Penemuan tersebut membawanya pada perlawanan dengan konspirasi penguasa dan pengusaha setempat. Sebagai ilmuan kelas dua (red. Imigran) ruang geraknya terbatas. Kiprah dan karirnya diboikot. Keluarga diteror sana-sini, bahkan sampai ancaman pembunuhan. Hingga akhirnya ia memutuskan untuk pindah ke kota lain.

Sebetulnya penemuan Bennet bisa saja langsung dipercayai oleh publik, tapi karena NFL bersekongkol dengan pemerintah Amerika, penelitiannya baru diterima setelah tiga tahun kemudian. Tepatnya saat salah seorang petinggi NFL, juga pensiunan America Football meninggalkan wasiat agar otaknya diberikan pada Bennet untuk diteliti sebelum mengakhiri hidupnya dengan bunuh diri.

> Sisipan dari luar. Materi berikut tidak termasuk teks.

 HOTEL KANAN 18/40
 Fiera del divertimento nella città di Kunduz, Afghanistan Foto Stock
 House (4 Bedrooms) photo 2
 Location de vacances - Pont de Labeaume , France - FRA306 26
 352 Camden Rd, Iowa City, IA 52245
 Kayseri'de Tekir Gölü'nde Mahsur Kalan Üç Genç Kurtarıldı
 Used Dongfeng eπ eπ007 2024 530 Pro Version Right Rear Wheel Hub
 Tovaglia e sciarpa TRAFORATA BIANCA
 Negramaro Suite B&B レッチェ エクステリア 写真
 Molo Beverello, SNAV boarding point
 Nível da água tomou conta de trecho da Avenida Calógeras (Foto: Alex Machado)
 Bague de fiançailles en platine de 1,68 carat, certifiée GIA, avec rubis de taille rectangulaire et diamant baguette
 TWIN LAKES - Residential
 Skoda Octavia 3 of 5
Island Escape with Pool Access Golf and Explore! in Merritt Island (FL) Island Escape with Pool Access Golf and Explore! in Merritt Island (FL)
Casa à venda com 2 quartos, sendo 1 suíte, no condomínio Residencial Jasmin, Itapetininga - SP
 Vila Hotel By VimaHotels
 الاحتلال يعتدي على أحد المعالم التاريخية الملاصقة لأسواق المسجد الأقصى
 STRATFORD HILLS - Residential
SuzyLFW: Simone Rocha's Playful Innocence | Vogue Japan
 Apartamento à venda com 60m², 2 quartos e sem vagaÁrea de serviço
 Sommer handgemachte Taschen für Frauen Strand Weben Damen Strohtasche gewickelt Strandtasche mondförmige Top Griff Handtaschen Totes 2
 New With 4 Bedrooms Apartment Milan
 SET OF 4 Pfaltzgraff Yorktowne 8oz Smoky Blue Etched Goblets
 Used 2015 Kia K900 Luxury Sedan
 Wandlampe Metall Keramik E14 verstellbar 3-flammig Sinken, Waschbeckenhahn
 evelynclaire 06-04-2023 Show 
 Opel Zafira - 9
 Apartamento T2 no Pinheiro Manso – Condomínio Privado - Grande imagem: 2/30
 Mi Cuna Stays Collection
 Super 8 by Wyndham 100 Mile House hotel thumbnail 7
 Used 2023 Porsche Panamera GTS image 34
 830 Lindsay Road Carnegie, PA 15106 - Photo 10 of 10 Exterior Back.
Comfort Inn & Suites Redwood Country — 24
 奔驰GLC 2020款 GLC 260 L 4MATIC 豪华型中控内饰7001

Ternyata apa yang ditemukan oleh Bennet sudah menjadi rahasia umum di kalangan dokter. Namun tak banyak dari mereka yang berani mengambil sikap untuk menentang. Mereka takut melawan arus. Lebih nyaman hidup dalam kerumunan sekalipun berselimut kebohongan.

Dr. Bennet Omalu mengajarkan kita agar berkomitmen pada kebenaran. Ilmu saja tidak cukup, tapi harus bernyali. Siap bereksperimen dengan nasib dan sains. Sebab tugas pengetahuan adalah menyingkap tabir kegelapan. Memperjelas keadaan dan menghilangkan kepandiran. Bukan sebatas menyala, lalu mati tanpa menerangi apa-apa.